The years since then have been jam-packed – a sort of whirlwind of activity as our babies grew from tiny premature infants in the NICU to the giggly, sweet 12 year olds they are today.  But those tough “getting pregnant” years never really leave me.  They are ever-present, lingering at the bottom of my thoughts, sitting silently, informing and influencing the kind of mother I am and serving as a constant reminder of the two remarkable gifts I’ve been given.

 

That’s me 5 months pregnant with twins, not long after turning 50.
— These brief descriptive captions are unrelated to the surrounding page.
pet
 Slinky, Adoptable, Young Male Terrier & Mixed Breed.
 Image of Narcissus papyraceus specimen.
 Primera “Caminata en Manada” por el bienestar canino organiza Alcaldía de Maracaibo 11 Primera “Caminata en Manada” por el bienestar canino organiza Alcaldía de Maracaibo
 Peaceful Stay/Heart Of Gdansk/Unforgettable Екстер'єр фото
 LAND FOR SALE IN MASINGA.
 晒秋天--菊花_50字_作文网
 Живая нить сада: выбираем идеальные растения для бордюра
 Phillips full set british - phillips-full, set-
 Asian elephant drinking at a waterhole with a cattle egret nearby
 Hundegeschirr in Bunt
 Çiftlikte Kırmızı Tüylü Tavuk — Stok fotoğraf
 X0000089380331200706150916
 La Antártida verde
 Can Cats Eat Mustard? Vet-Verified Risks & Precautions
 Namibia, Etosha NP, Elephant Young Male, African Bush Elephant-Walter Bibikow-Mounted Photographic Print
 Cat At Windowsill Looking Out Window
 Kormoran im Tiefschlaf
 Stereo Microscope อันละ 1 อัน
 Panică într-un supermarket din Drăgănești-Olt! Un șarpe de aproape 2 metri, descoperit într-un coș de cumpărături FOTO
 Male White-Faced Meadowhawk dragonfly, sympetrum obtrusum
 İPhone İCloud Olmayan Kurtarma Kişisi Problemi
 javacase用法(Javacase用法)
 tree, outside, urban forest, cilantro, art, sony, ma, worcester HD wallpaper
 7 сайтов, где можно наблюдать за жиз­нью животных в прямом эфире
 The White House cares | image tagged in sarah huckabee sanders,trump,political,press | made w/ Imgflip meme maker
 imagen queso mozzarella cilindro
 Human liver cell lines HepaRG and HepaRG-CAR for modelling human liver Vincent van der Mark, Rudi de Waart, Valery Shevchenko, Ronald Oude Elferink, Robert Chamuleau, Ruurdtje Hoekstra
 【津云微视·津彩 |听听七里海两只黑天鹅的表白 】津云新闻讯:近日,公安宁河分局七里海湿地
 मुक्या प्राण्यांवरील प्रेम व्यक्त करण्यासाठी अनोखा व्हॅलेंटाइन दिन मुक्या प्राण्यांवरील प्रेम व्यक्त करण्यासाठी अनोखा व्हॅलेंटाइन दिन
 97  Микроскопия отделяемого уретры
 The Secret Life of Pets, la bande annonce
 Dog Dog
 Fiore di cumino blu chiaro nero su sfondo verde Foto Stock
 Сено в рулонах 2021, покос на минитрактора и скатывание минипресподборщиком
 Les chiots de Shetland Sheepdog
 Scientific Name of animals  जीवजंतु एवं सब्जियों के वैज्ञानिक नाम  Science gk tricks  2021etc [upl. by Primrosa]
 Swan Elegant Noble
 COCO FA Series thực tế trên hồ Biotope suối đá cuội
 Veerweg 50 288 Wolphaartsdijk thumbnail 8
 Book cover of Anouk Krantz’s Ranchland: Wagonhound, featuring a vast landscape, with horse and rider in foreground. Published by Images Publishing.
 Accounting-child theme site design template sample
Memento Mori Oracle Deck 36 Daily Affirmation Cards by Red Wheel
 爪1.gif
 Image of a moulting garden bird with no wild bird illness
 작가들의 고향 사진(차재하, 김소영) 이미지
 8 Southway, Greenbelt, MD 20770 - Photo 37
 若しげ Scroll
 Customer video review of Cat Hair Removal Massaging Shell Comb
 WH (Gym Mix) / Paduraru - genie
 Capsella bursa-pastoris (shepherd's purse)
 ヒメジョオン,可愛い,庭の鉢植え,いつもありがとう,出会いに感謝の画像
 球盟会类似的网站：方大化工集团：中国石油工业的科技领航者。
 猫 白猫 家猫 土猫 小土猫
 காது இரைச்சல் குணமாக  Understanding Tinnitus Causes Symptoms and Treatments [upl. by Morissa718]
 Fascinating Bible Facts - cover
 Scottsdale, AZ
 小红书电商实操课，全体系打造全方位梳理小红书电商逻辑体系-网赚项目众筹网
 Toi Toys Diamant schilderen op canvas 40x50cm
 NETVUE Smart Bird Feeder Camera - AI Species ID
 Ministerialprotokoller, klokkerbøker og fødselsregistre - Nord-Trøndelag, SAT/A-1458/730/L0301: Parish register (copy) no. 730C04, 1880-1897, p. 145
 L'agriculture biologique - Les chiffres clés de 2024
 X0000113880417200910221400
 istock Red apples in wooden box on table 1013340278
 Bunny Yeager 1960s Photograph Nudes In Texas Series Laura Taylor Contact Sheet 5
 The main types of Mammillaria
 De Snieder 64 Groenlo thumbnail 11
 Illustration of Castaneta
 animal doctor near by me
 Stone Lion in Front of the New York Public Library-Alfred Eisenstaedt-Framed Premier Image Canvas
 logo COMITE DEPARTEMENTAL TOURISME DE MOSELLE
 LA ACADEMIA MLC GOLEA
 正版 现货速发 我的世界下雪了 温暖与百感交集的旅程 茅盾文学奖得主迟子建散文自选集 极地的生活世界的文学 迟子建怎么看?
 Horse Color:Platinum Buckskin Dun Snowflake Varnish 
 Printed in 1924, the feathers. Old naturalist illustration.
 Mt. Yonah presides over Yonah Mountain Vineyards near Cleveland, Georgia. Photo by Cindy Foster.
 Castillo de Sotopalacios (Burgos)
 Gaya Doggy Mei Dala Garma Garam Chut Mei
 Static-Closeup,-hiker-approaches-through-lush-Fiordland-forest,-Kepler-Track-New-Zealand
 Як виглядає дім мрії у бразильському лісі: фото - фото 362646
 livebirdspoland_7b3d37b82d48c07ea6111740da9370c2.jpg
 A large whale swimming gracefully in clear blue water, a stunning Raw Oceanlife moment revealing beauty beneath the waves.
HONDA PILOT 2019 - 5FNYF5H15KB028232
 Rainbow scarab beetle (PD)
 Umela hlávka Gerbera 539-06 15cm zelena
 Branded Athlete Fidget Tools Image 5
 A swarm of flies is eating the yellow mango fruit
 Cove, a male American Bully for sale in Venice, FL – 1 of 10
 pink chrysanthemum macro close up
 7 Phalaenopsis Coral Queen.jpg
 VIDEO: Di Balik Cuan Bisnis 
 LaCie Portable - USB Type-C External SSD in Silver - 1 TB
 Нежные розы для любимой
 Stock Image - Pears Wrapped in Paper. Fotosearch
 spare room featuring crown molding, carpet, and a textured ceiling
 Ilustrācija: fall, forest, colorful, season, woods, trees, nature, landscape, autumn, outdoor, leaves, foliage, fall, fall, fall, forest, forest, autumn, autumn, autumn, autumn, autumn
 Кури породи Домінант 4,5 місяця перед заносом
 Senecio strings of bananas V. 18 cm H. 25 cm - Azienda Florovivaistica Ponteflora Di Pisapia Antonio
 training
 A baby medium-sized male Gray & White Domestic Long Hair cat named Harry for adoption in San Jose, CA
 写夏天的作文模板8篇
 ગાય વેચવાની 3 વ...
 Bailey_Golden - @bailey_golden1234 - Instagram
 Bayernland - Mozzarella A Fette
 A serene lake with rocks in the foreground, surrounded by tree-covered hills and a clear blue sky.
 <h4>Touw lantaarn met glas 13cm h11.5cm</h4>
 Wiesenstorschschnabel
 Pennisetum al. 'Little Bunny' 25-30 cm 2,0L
Phases in Childhood and Parenting

The colic, the diapers and the sleepless nights are finite.  Eventually they all go away, are resolved.  Sometimes they are replaced by other things that are equally problematic and annoying, but by now you are beginning to see the trend and are slowly gathering more skills as each “phase” of childhood comes and goes.  What didn’t come and go for me was the weight of being so utterly responsible for two helpless human beings.  Yes, they are eventually potty trained and tie their own shoes and do their own homework (ok, maybe I help a little).  Mine even walk home from school on their own.  But what they need from me doesn’t diminish.  It just shifts.  In fact, as I look out the diner window this morning and see a dad pushing his toddler in a pink plastic kiddie car across Broadway at 7:30 on a Saturday morning, I think those years were somehow easier.  Now I know all of you sleep-deprived parents with tiny children would like to come at me with a sharp object right now, but it’s true.  The endless things that needed to be done when they were tiny seemed straight ahead, attainable – dirty diapers – change it, baby crying – feed her, then cuddle – wakes up in the middle of the night…..ok, that one can definitely be a bit tortuous.  But as my children grow, they need guidance, explanations, someone to commiserate with, to vent to, good listeners who are available any time of the day or night.  These are not things I can check off a list so easily nor are they usually things I can “fix”.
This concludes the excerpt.